And E, connecting the horizontal beam 11 in the dam with the slope inclined beam 6, and sequentially digging out the foundation of the horizontal beam 11 in the dam by manually matching with a small excavator, overlapping and extending the reinforcing steel bar bundles to the construction range of the slope inclined beam 6, welding the reinforcing steel bars in the construction range, performing concrete pouring maintenance on the slope inclined beam 6, filling broken stone into a groove, and compacting by small tamping equipment. Because the slope sloping beam 6 is an embedded dam body, a small excavator is required to dig out a foundation. The minimum working width of the excavator is 3m, the slope is repaired according to the steps of the distribution elevation of the slope sloping beams 6, the slope is repaired according to six steps, and the working platform of each step is 3m wide. The slope leveling is carried out in two stages of initial leveling and fine leveling. The rough level adopts a backhoe to be matched with the human body. Manually removing the upper surface layer marble and the serious superfilling part according to the design slope line of the measurement lofting, and trimming the backhoe from the lower part; and (3) leveling the part with serious partial underfill by feeding the part from the nearest operation platform through a chute, wherein the leveling standard is controlled to be +/-30 cm. The leveling is carried out after pouring of the slope inclined beam 6 is finished, leveling work is carried out according to blocks, manual leveling is mainly adopted, manual steel tape control is adopted, and the error is not more than 10cm. The slope leveling waste slag is sent to a road surface loading vehicle through a chute to be transported to a region to be filled. The foundation trench adopts the mode of manual auxiliary mini excavator, excavates according to the design requirement strictly. The steps are the basic surface of the slope sloping beam 6, after rough leveling is finished, artificial leveling is performed firstly, the error is within +10cm, the super-digging part is backfilled with mortar, and then concrete pouring is performed.

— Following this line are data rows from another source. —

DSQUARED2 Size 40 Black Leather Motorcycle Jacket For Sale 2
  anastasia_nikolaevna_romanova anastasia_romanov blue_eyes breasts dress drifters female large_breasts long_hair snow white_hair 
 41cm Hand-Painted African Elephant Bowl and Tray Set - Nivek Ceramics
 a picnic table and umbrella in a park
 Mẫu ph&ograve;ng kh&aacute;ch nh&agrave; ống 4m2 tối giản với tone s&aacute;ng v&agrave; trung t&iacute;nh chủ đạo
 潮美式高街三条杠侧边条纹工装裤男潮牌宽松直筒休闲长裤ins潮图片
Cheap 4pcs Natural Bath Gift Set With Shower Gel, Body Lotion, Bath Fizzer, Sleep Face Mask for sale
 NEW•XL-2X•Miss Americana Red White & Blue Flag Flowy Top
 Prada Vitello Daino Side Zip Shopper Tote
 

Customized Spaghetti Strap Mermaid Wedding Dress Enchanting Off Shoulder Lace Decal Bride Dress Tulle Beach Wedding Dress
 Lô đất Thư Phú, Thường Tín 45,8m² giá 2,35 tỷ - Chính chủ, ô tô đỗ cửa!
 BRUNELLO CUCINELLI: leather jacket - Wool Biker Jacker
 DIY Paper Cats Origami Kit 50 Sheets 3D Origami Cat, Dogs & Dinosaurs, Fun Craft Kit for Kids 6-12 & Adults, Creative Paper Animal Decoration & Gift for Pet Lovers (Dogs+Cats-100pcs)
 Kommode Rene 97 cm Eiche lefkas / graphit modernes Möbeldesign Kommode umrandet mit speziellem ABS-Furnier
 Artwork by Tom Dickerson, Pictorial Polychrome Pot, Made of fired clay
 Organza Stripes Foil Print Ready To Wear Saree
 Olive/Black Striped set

And F, constructing an outer slope of the upper dam road 5, constructing the upper dam road 5 along with the rising of a dam body filling working surface, calculating the three-dimensional coordinates of the upper dam road 5, measuring and setting out, filling the upper dam road 5 layer by layer according to the elevation, wherein the filling material of the upper dam road 5 is the same as that of the dam body filling material, the anchor tendons of the upper dam road 5 are respectively connected with the horizontal beams 11 and the slope inclined beams 6 in the dam to form an anti-seismic framework, and the slope ratio of the outer slope is gradually changed from 1:1.35-1:2 so that the slope of the outer slope and the slope of the earth-rock dam are in forward lap joint transition.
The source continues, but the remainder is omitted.